Working in the jungle that prison is, Stathis says it was the courage and strength of the inmates that inspired him to find a different approach and code of communication with them.

“They were young guys from 15 to 20 years of age who were uneducated, uncultured, from difficult family backgrounds, with no support. The approach was different, I had to find a code of communication with them that they could understand – and that was the physical approach.”

After three years of working with prisoners, once the economic situation in the country made him decide it was time to leave, Stathis’ biggest dilemma was how to leave ‘the kids from Avlona’.

“In retrospect, if I was paid for my work, I wouldn’t have left. Your self esteem is being threatened by the system – you are trying so hard to be part of the system, to offer, to better it, and yet you are getting nowhere.

“I decided to leave.”

Before his return to Australia, Stathis was approached by the Psychiatric Prison of Korydallos, and conducted a workshop that culminated in a presentation.

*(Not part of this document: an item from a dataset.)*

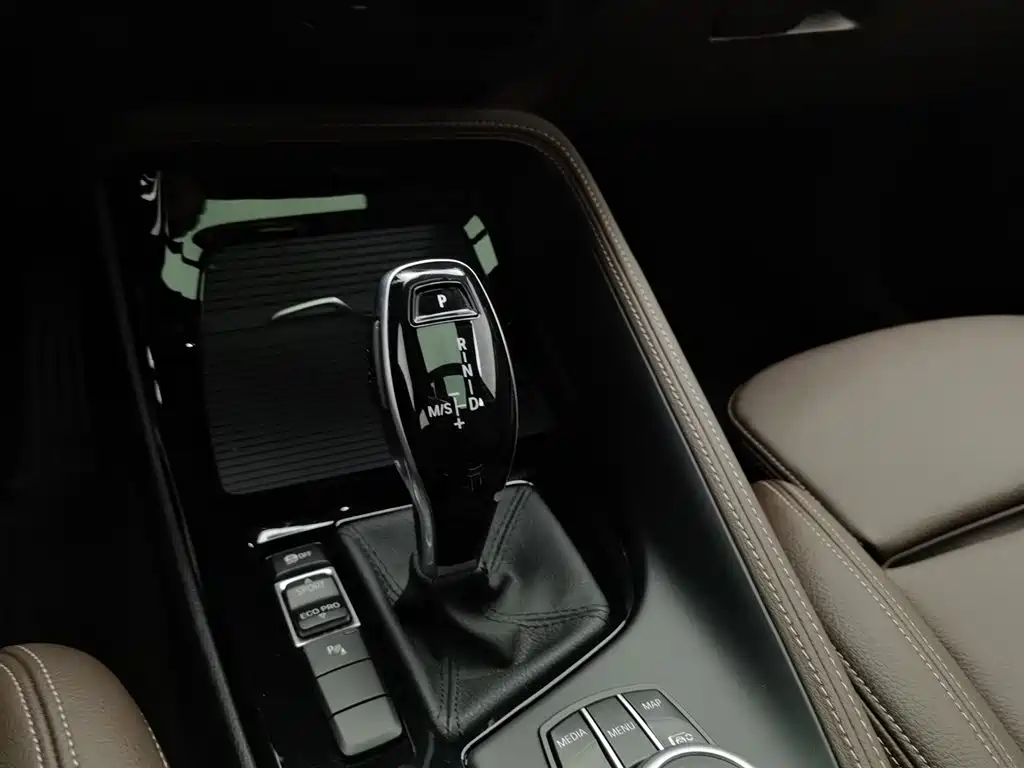 BMW BMW X2 2021 sDrive25i M Off-Road Package 2020 - thumbnail 13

“It turned a lot of things around for me in terms of how I feel about what I do. I am not a commercial actor, I’ve done that. We go beyond that at the end of the day.”

Now back in Melbourne, which he left close to 20 years ago, Stathis is keen to apply the techniques he learned from Avlona detainees in correction centres in Victoria.

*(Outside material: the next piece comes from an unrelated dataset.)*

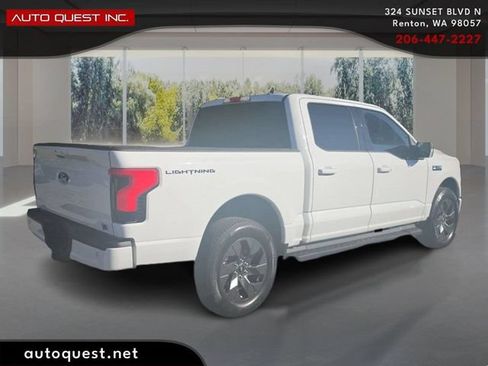 Used 2024 Ford F150 Lightning Flash AWD/4WD image 5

With the system more regimented and structured, the process is taking more time, but with authorities already giving positive feedback to Stathis’ idea.
Until then, passionate about contributing to community, Stathis is taking part in a project by Northland Youth Centre.

Entitled Diversionary Program, the project is set up for children in difficult situations and in danger of imprisonment. The aim, of course, is to prevent this from happening and to engage children in something creative and positive.

He is also active in the Street Soccer program, initiated by George Halkias of The Big Issue, where detainees take part in soccer games with teams from the other side of the prison bars.

“Every Wednesday, before the tournament, we work with them to help them gain team spirit and some technical skills with the ball and amongst each other. This helps me find out more about the system from inside and understand the psychology of the detainees here in Australia better.”

On the same voluntarily basis, Stathis is involved in the workshops of YMCA in prisons, that offer some basic classes to prisoners, like obtaining the certificate CERT 2, as well as fitness workshops.

“I see that prisoners want something more than just fitness exercise or a dry lesson. Some of my own suggestions had a positive response so far, even in such an experimental stage.

“The good news is that there is interest amongst prisoners for something new as they are looking to fight the monotony and think ‘different’ in any way they can.

“After all, my work is about changing peoples perceptions about themselves and others around them.”